Meta、AmazonのAI用CPUを数百万台分調達する契約を締結

アマゾンは、再び自社開発のカスタムチップを活用し、Metaとの重要な提携関係を確立した。アマゾンは金曜日、Metaが拡大するAI需要に対応するため、数百万個のAWS Gravitonチップを導入することに合意したと発表した。
なお、AWSグラビトンはGPU(グラフィックス処理ユニット)ではなく、ARMベースのCPU(汎用計算用に設計された中央処理装置)である点に留意が必要だ。
大規模モデルのトレーニングには依然としてGPUが好まれるが、モデルが一度トレーニングされると、その上に構築されたAIエージェントが、必要とされるチップの種類に変化をもたらしている。これらのエージェントは、リアルタイム推論、コード記述、検索、多段階タスクの調整など、計算負荷の高いワークロードを生成する。 AWSによると、最新のGravitonバージョンは、AI関連のコンピューティングニーズに対応するために専用に設計されたものである。

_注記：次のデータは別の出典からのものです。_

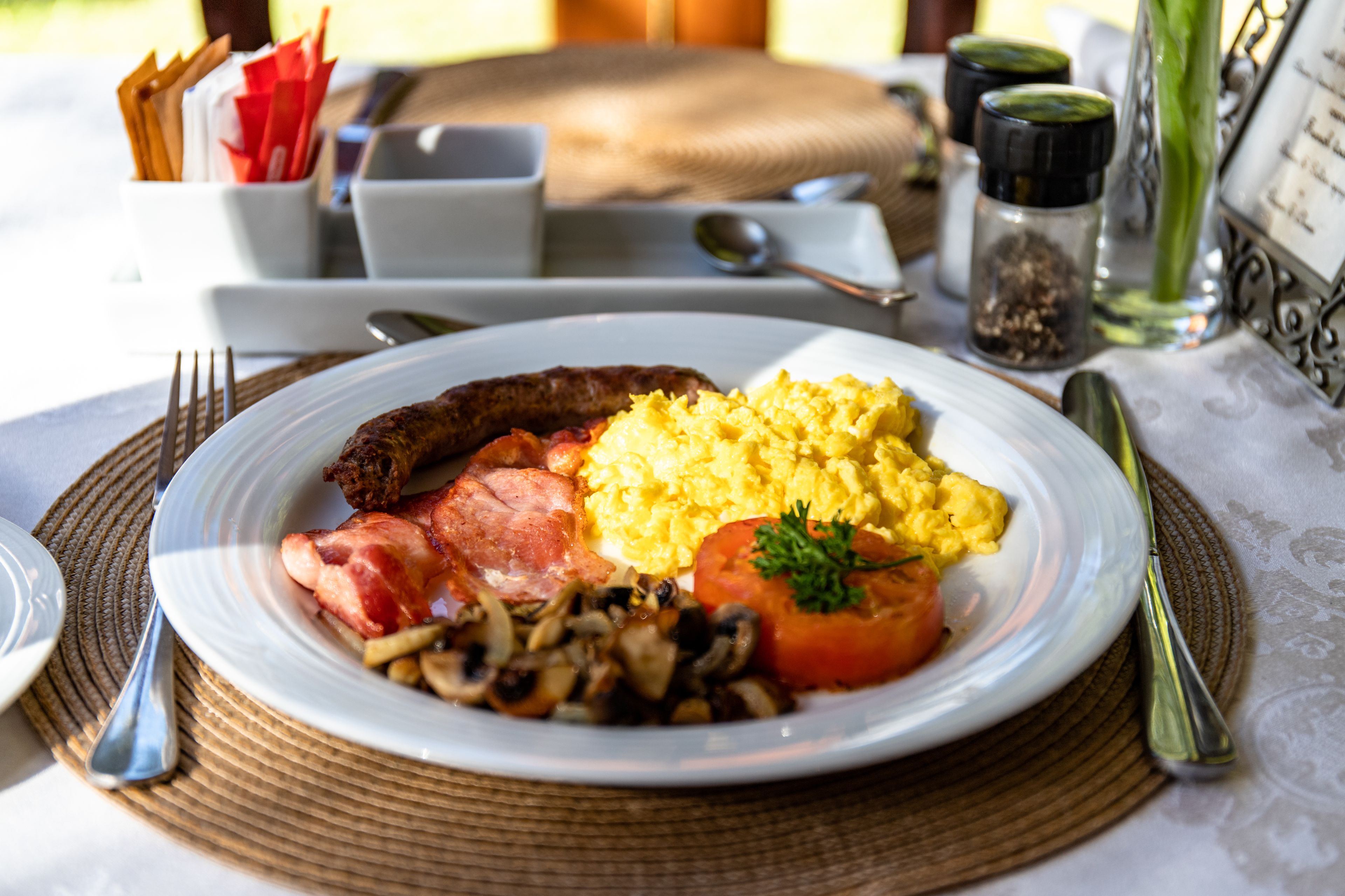 Ein Teller mit Frühstücksei, Speck, Tomaten und Pilzen.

この契約により、Metaの支出のより多くの部分が、Google Cloudのような競合他社ではなくAWSへと振り向けられることになる。昨年8月、MetaはGoogle Cloudと6年間で100億ドルの契約を締結したが、それ以前は主にAWSを利用し、Microsoft Azureも併用していた。
AWSがこの契約の発表を、Google Cloud Nextカンファレンスの終了時期に合わせて行ったことに気づいた。まるでクラウド分野のライバルに対する、ほのめかしのような皮肉を込めたかのようだ。もちろんGoogleも独自のAI専用チップを開発しており、同イベント中に新バージョンを発表した。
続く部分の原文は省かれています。